Nothing but the lines from the one containing "关于如何认定是不是非法种植毒品原植物犯罪" to the end of the data should be copied, exactly, and the pictures stay out.

Data section —
^^^^
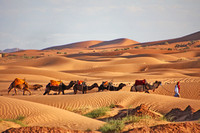 My trip Day 9 - Camel ride Khamlia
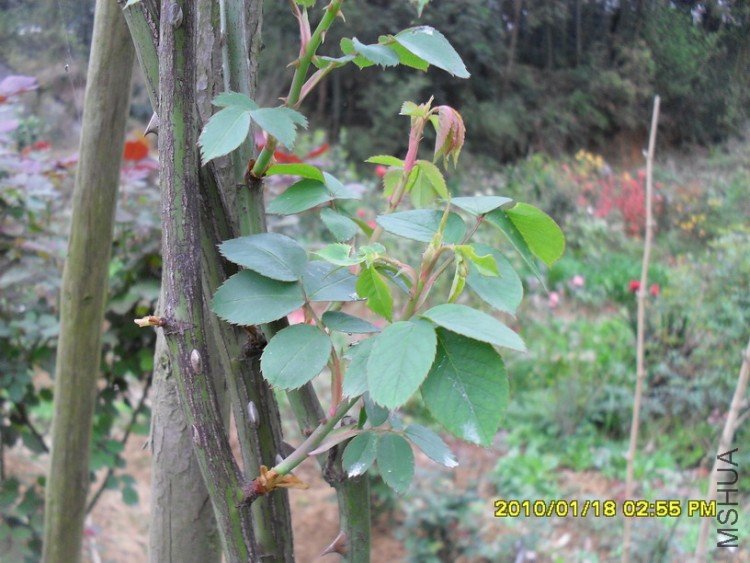 ���������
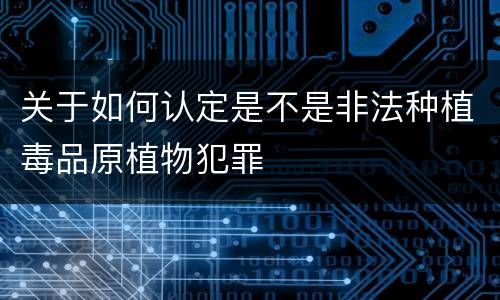 关于如何认定是不是非法种植毒品原植物犯罪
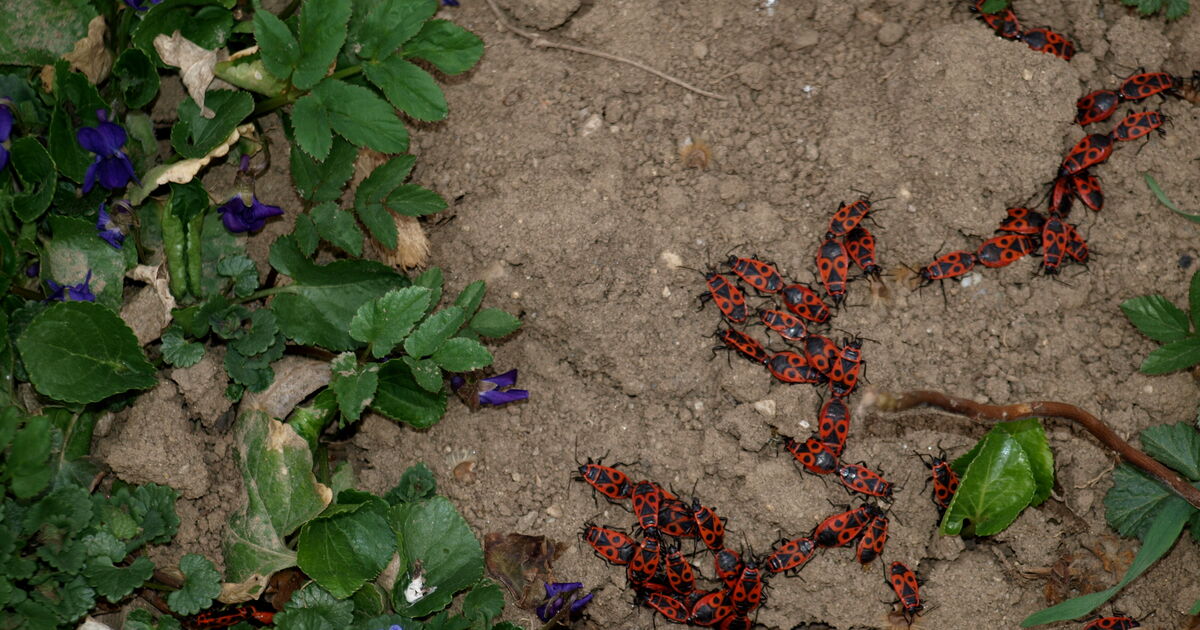 " Ringelpiez mit Anfassen!" FOTOBLOG SN.at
^^^^
Response to this exercise —
 关于如何认定是不是非法种植毒品原植物犯罪
 " Ringelpiez mit Anfassen!" FOTOBLOG SN.at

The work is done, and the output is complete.